What is keeping you awake at night?
Uncertainty?
Fear?
something else like... 'Confession Lag'?
Okay, 'Confession Lag' is when you spend 3 nights not sleeping and then try to sleep as usual. It's kind of like jet lag in that your circadian rhythms have been upset by staying up all the night when your body thinks it was going to be sleeping.

Some people find talking through things like Uncertainty and Fear diminishes their effect. Certainly being able to come up with a name for this monster/pest/bug is a great start. Call it anything that suits and then start talking about it.

Physically, you could also Google 'sleep hygiene' and you will get some good tips about getting your body back in sleep synch. It is confused! It was deprived of sleep for 3 nights!


----------



## Nekko (Oct 13, 2009)

Either what the OP said or you're repressing some feelings you think it's not proper to have ...on the lines of 'but we're so happy, i'd rather just move on and forget about it than be angry'. Except the feeling of anger doesn't go away, you're just pushing it in the back of your mind.

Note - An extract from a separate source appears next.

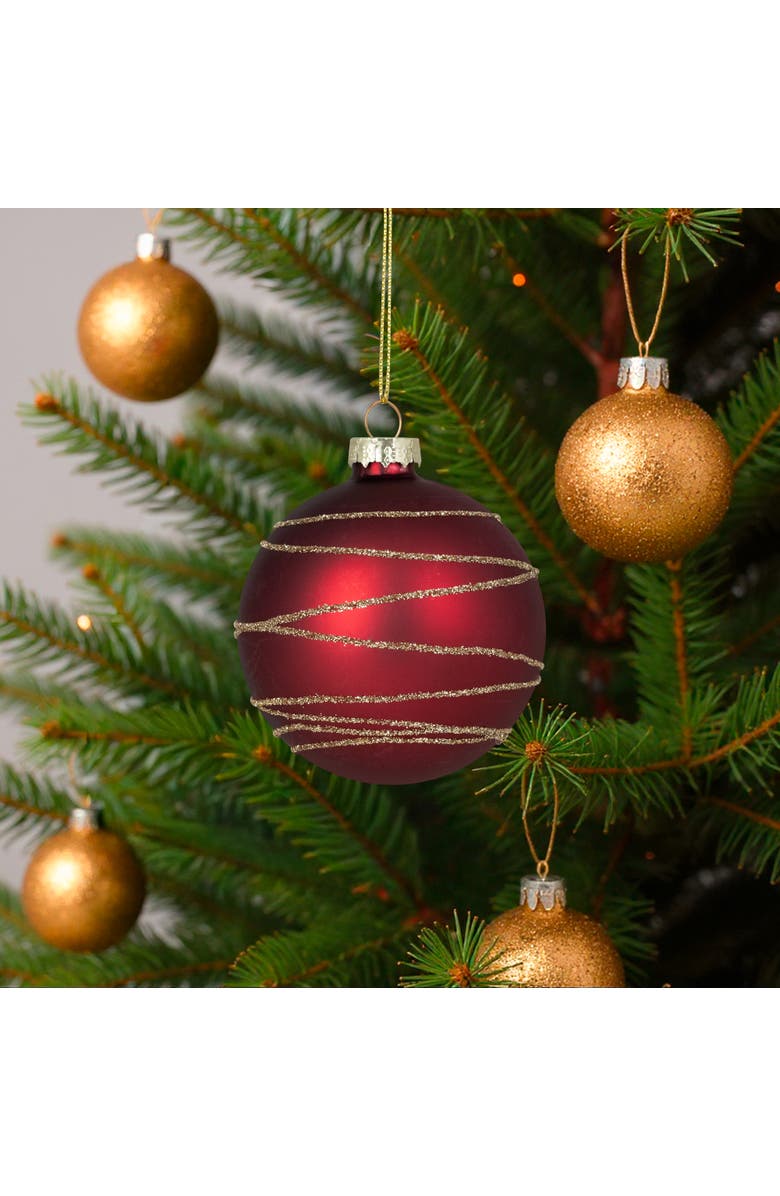 Northlight Glittered Golden Stripes Christmas Glass Ball Ornaments - 3" (75mm) - Red and Green - 4ct, Alternate, color, Red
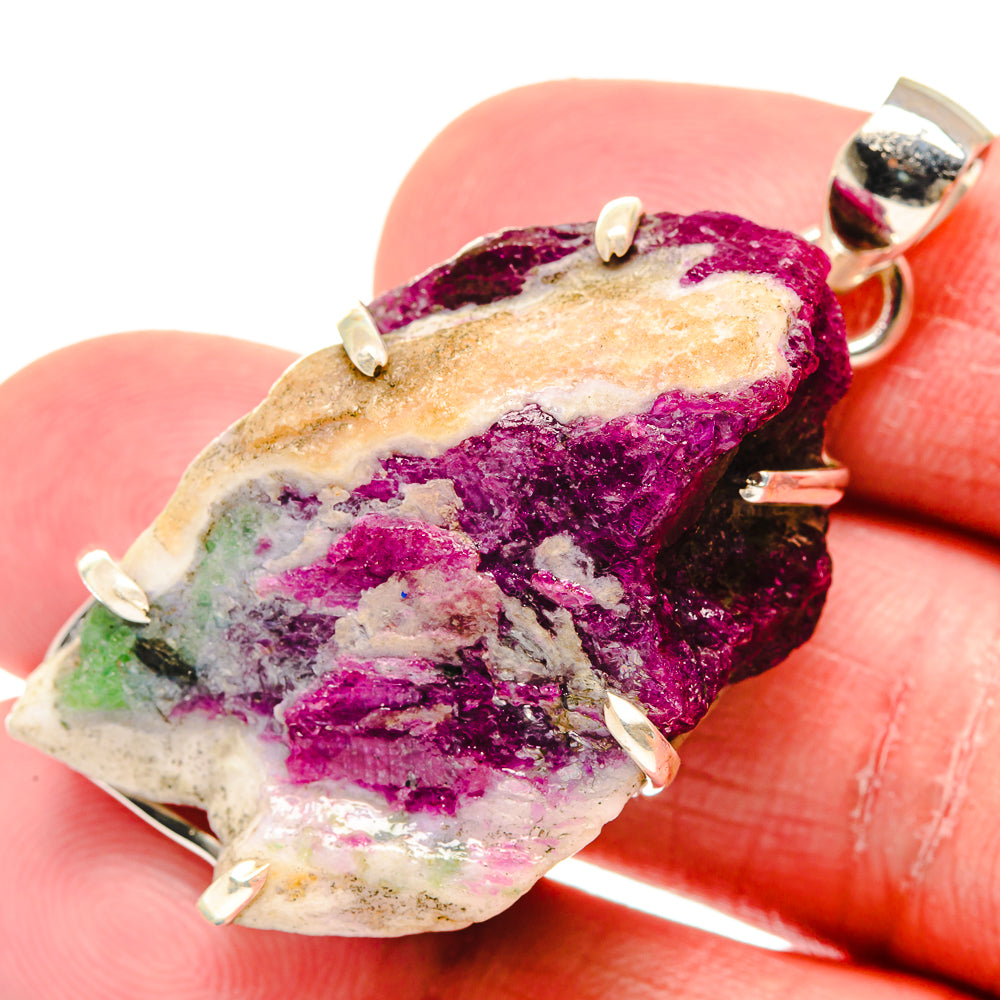 Ruby Zoisite Pendants handcrafted by Anasilvercos - PD19870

Since that feeling is 'running in the background' it takes a toll on your body and your sleep.


----------



## BigBadWolf (Nov 30, 2009)

wanting to heal said:


> I've been a visitor on this site for the past month (to the day), and feel like putting my story out for advice.
> 
> Basic details - I'm 36, married for 14 yrs, with 3 children
> My wife is 2 1/2 years younger than me. Great marraige, with only small bumps in the road.
> ...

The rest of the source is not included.